Wilfrid Laurier's Gladue course goes beyond legislation, says Bryanne Smart
This article was created in partnership with Wilfrid Laurier University
Bryanne Smart has worked in Indigenous legal spaces for nearly ten years, beginning with what was then Aboriginal Legal Services of Toronto. As a Gladue caseworker and a Gladue writer, Smart became deeply committed to advocating for Indigenous people in the Canadian justice system.
“When systems have been designed to exclude that's a hard place to be,” Smart, an Indigenous woman from Six Nations of the Grand River, says. “My work consistently has been to ensure Indigenous voices are heard and Gladue is a great vehicle with which to do that.”
Within this work, Smart has come up against many misconceptions amongst those who work within the legal system about what Gladue is and how it operates in practice. She says all Canadians — but especially those who work with Indigenous populations within the legal system — should strive for deeper understanding.
Anybody can read s. 718.2 — but true education goes beyond legislation
Throughout her career, Smart has come up against many misconceptions amongst those who work within the legal system about what Gladue is and how it operates in practice. She says all Canadians — but especially those who work with Indigenous populations within the legal system — should strive for deeper understanding.
“Anybody can read s. 718.2 of the Criminal Code, but interpretation is subjective,” Smart says. “Grounding yourself in a solid understanding of what Gladue means, why it exists, how it was designed, and what are the historical patterns and impacts that led to it is different and more impactful than simply reading the law. There are a lot of opportunities for those in the legal system to keep learning: it doesn't stop.”
To drive that education further, two years ago Smart came aboard Wilfrid Laurier University as a Gladue Mentor for the Gladue Principles: Indigenous Peoples and the Canadian Justice System program. An asynchronous program offered in two parts totaling 20 weeks, it provides working professionals the flexibility they need to fit it into their busy schedule — a critical component of the core value of the course, which is to educate as many people involved in the criminal justice system as possible about the importance of Gladue.
With start dates on the 1st of every month from January to October, Smart works closely with a continuous stream of learners — from lawyers and police officers to court staff — as they gain a more fulsome understanding of the history of Indigenous people, its intersection with the law, and how that fed into the landmark Supreme Court of Canada decision, R. v. Gladue. The course, a 2022 Program Award Winner, lays it out well, Smart notes, because “it helps learners see that it's all connected — Gladue didn’t come out of nowhere. It came out of years and years of over-representation and systemic challenges.” The program also includes interviews with many different players in the criminal justice system to illustrate how Gladue is incorporated into those different positions.
Applicable Canada-wide and developed by Indigenous people, the program invites learners to grapple not only with the reality that the criminal justice system has been and continues to be systemically racist — as of January 2020, Canada’s Office of the Correctional Investigator announced that persons of Indigenous ancestry in federal custody surpassed 30%, despite only accounting for 4% of the general Canadian population — but with the fact that they likely have played a part in upholding the inequity through their own action or non-action.
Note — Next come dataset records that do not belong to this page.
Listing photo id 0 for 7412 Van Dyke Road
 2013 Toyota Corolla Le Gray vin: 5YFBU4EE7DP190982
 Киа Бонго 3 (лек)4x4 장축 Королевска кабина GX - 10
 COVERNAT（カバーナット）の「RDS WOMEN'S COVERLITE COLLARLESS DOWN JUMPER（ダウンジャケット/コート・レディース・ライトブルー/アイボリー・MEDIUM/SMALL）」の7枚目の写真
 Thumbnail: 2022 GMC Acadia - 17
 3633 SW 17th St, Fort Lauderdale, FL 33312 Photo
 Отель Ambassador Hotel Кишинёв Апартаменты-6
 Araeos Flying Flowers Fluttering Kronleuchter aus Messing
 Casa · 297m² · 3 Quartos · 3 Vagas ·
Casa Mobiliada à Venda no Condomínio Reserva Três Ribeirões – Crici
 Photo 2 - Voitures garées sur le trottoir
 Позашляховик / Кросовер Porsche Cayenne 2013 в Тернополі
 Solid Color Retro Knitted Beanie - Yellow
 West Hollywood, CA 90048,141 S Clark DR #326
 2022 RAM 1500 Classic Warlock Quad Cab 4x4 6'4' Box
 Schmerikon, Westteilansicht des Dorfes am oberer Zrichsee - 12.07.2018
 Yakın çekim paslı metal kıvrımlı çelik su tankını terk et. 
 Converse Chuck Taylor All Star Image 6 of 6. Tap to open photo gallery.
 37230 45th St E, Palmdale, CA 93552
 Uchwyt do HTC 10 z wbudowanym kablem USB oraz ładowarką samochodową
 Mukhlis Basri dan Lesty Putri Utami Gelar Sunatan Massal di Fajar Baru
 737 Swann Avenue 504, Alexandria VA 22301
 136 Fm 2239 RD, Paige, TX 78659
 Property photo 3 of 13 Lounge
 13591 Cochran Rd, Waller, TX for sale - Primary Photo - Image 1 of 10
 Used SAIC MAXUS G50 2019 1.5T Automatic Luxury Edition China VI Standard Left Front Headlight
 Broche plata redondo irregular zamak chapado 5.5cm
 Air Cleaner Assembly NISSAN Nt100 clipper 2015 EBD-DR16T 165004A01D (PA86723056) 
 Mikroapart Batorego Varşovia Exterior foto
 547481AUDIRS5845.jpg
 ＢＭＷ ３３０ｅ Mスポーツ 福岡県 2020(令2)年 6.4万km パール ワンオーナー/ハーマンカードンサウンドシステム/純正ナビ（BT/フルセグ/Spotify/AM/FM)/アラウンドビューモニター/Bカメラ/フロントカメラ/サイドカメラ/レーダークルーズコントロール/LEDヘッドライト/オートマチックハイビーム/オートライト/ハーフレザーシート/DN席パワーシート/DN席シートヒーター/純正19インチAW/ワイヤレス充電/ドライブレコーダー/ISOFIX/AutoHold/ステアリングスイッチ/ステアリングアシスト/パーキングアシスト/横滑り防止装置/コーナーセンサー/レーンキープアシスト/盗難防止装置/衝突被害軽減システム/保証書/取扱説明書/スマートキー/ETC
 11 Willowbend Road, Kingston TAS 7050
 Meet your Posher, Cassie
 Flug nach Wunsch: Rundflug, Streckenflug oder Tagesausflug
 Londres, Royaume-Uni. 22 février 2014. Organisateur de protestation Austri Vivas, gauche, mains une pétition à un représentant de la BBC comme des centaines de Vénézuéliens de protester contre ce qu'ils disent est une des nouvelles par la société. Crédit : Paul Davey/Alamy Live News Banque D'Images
A willingness to reflect and redirect
A highlight for Smart are the self-reflections participants complete at the end of the course — “Being reflective about this learning creates a depth of understanding that moves away from that surface-level discussion of what you might have heard your peers talk about when it comes to Gladue, and really understand all the parameters that make Gladue what it is: that's what this course does really well,” she notes — because not only do almost all of them report learning something new, many are also willing to admit what they thought they knew was wrong. She often sees lawyers who have been practicing for decades look at past situations and say they should have handled it differently, and that admission is a powerful one.
“People understand things differently from this course and it's not necessarily about Gladue specifically, but about the broader learning they’re able to take from the program,” Smart says, adding it changes how they see the clients they’re serving by underscoring the fact that they are human beings that aren’t always viewed as such, especially in settings like the legal system. “If you want to change spaces or create opportunities for people to thrive you must be aware, otherwise you’re upholding the status quo.”
Ultimately, it's everybody's responsibility to learn about what's happened in Canada “in the context of law, but also in the context of life,” Smart says, and she’s taken that responsibility to heart professionally and personally by continuously practices what she preaches.
“I never get tired of telling these stories: these are people's lives and experiences and they're not small, they're really big and they're important. You don't stop learning — I have been in this space a long time, but there are still things to uncover and I’m open to it. I’m so proud of that.”